2010-05-19 17:03:37 | Jazz

The Great Jazz Trio At The Village Vanguard (East Wind)

スイング・ジョーナルの休刊に続き、ハンク・ジョーンズという偉大なジャズピアニストの訃報にも衝撃を受けました。なにしろ、つい最近まで来日公演もやっていましたからねぇ……。享年91歳という大往生ながら、やはりジャズの歴史を確実に作り上げてきたひとりとして、忘れられることはないと思います。

例えばチャーリー・パーカー晩年の名作セッションを収めたアルバム「ナウ・ザ・タイム (Verve)」、キャノンボール・アダレイとマイルス・デイビスの「枯葉」があまりにも有名な「サムシン・エルス (Blue Note)」、そのキャノンボール・アダレイのデビュー盤「プレゼンティング (Savoy)」等々は特別な人気盤になっていますが、個人的には地味ながらも素晴らしいジャズセンスが豊潤な味わい醸し出した「ヒアズ・ラプ (Argo)」や「ポギーとベス (Capitol)」、「ハンキー・パンキー (East Wind)」あたりのリーダー作も、棺桶に入れてもらいたいほど愛聴しています。
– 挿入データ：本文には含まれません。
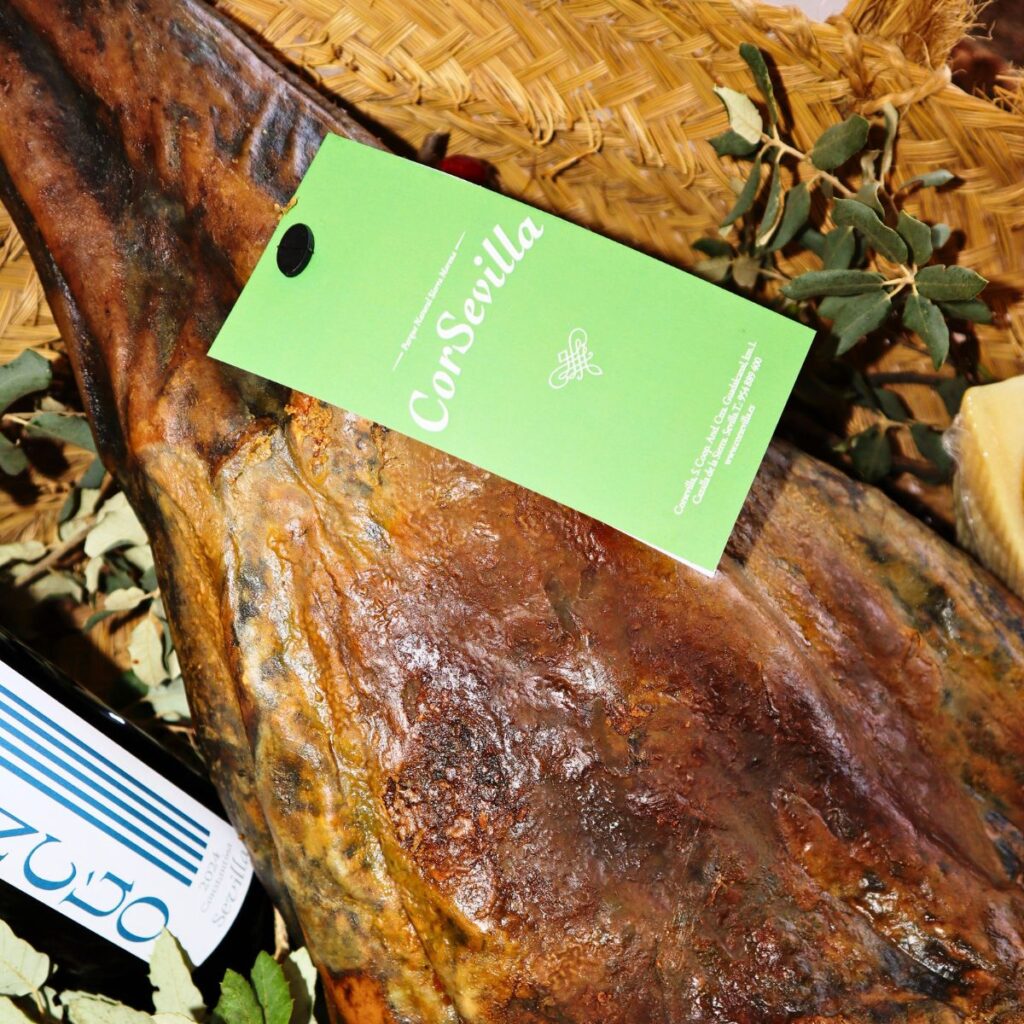 Lote Gran Reserva de Sabores con jamón de cebo de campo ibérico 50 % raza ibérica, quesos de cabra y vino tinto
しかしそうした凄いキャリアの中にあって、一般的な存在感がグッと身近になったは、1977年に発売された本日ご紹介のライプ盤じゃないでしょうか。

なんといってもトリオを構成しているのは、当時既に大ベテランの域に入っていたハンク・ジョーンズ(p) に加え、ロン・カーター(b) にトニー・ウィリアムス(ds) というバリバリでしたからねぇ~。些か大袈裟なグループ名も強ち過大とは言えないものがあります。

録音は1977年2月19&20日、ニューヨークの名門ジャズクラブ「ヴィレッジ・バンガード」でのライプセッションを収めていますが、その制作に関わったのが日本のレコード会社だったというのが、リアルタイムで賛否両論でした。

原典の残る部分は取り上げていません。